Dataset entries

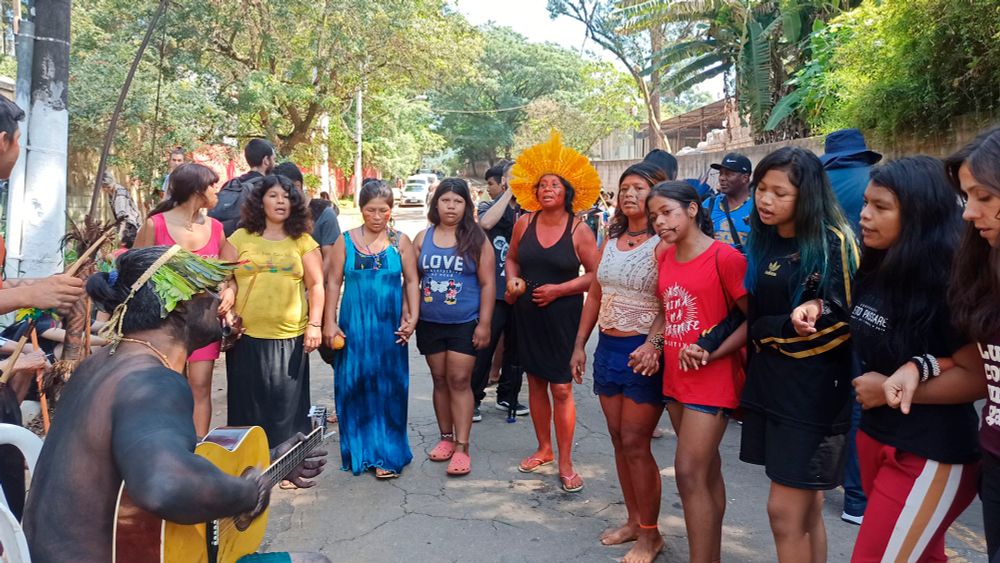 Racismo Ambiental: mulheres indígenas e quilombolas na proteção de seus povos contra a Covid-19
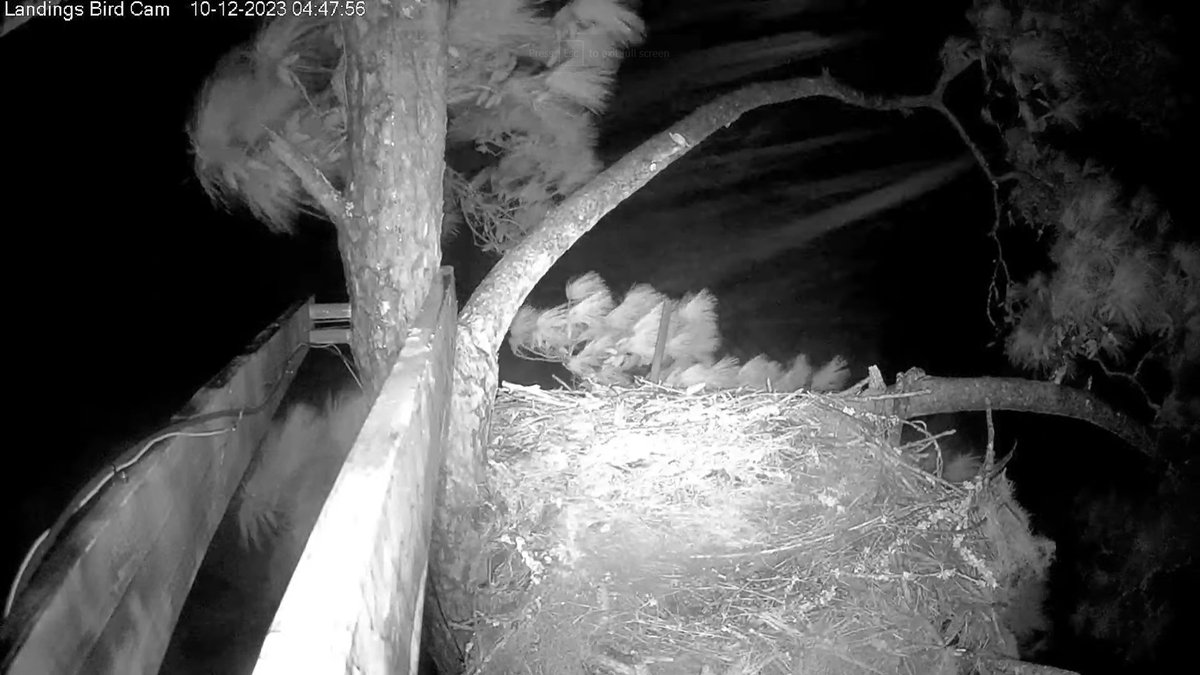 04:47, 10/12   We're waking up to a blustery morning.... Good morning, Savannah nest fans!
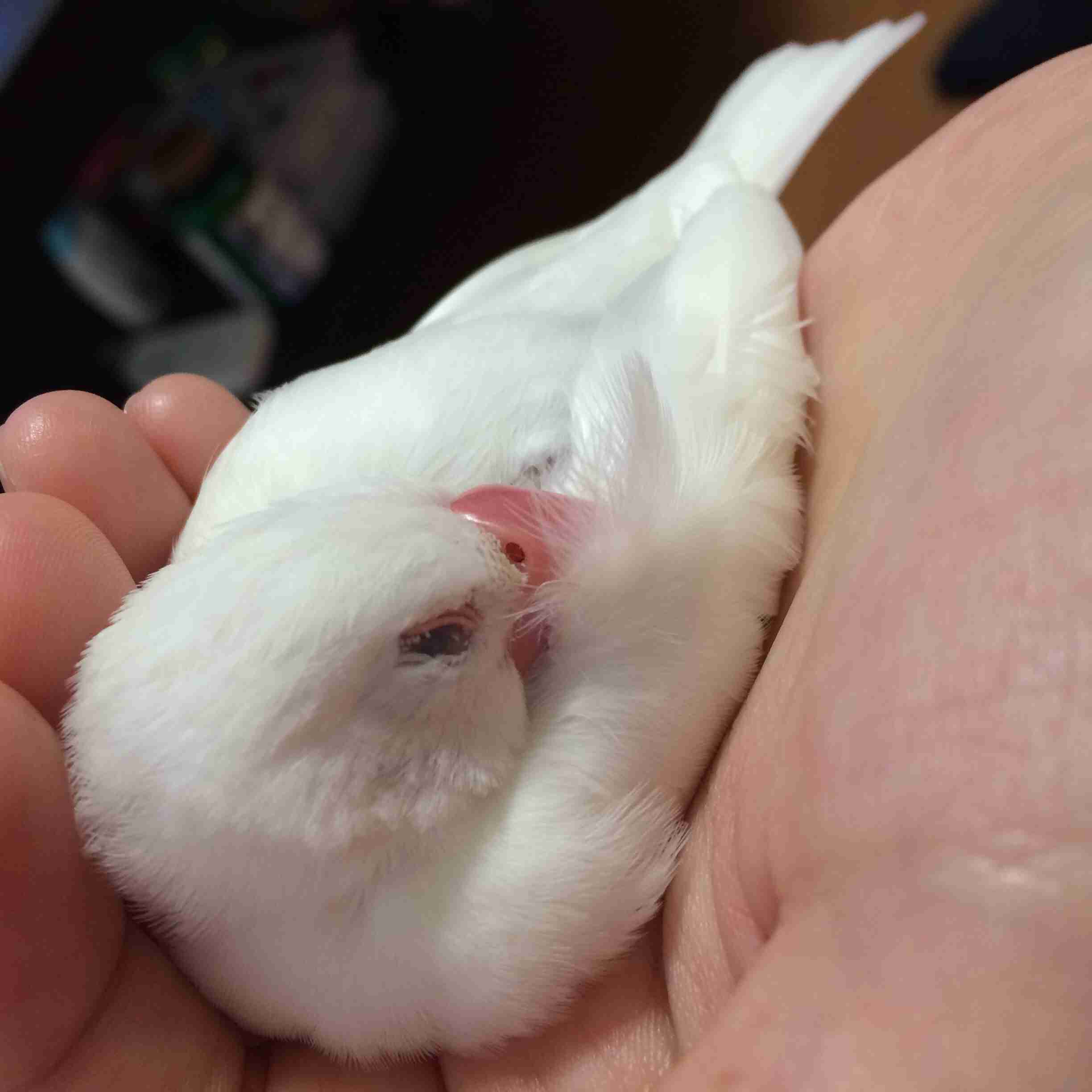 鳥の画像を貼っていく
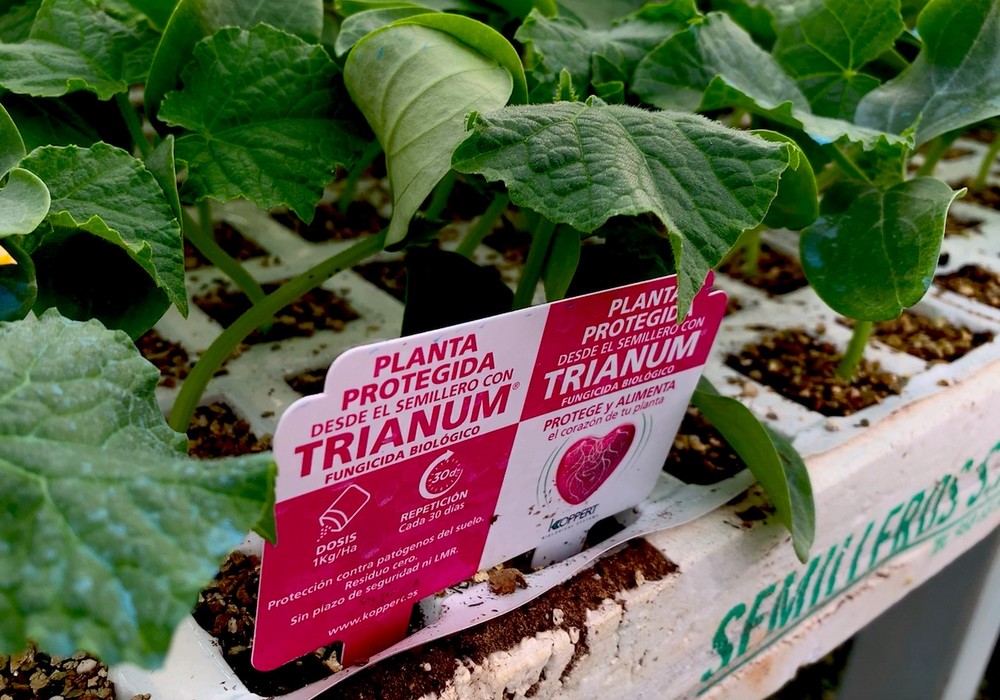 Koppert recomienda Trianum® para proteger y fortalecer los trasplantes de primavera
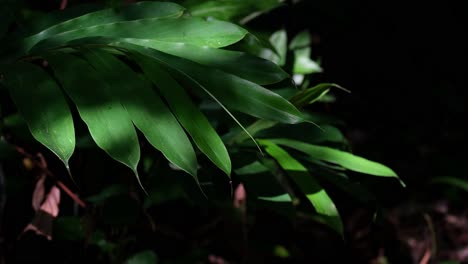 Hojas-De-Una-Planta-Que-Se-Mueven-Con-Un-Viento-Suave-En-El-Parque-Nacional-Khao-Yai-Mientras-Las-Sombras-Caen-Sobre-Ellas-Desde-El-Sol-De-La-Tarde,-Tailandia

### Exercise
Each record should be given again exactly, with no picture carried over.

### Response to the exercise
 Racismo Ambiental: mulheres indígenas e quilombolas na proteção de seus povos contra a Covid-19
 04:47, 10/12   We're waking up to a blustery morning.... Good morning, Savannah nest fans!
 鳥の画像を貼っていく
 Koppert recomienda Trianum® para proteger y fortalecer los trasplantes de primavera
 Hojas-De-Una-Planta-Que-Se-Mueven-Con-Un-Viento-Suave-En-El-Parque-Nacional-Khao-Yai-Mientras-Las-Sombras-Caen-Sobre-Ellas-Desde-El-Sol-De-La-Tarde,-Tailandia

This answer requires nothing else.